[DIRECTIONS FOR THIS TASK]: The reply should reproduce every line of the data below word for word, minus any images.

[PROVIDED DATA]:
Segment Open

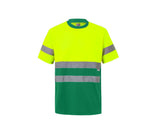 VELILLA TWO-TONE HIGH VISIBILITY TECHNICAL T-SHIRT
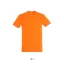Uniszex REGENT kereknyakú rövid ujjú pamut póló, SOL'S SO11380, Orange-XS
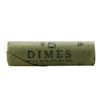Image 3 : Original Bank Roll of (50) Brilliant Uncirculated 1960-D Roosevelt Dime Coins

Segment Closed

[TASK RESPONSE]:
 VELILLA TWO-TONE HIGH VISIBILITY TECHNICAL T-SHIRT
Uniszex REGENT kereknyakú rövid ujjú pamut póló, SOL'S SO11380, Orange-XS
Image 3 : Original Bank Roll of (50) Brilliant Uncirculated 1960-D Roosevelt Dime Coins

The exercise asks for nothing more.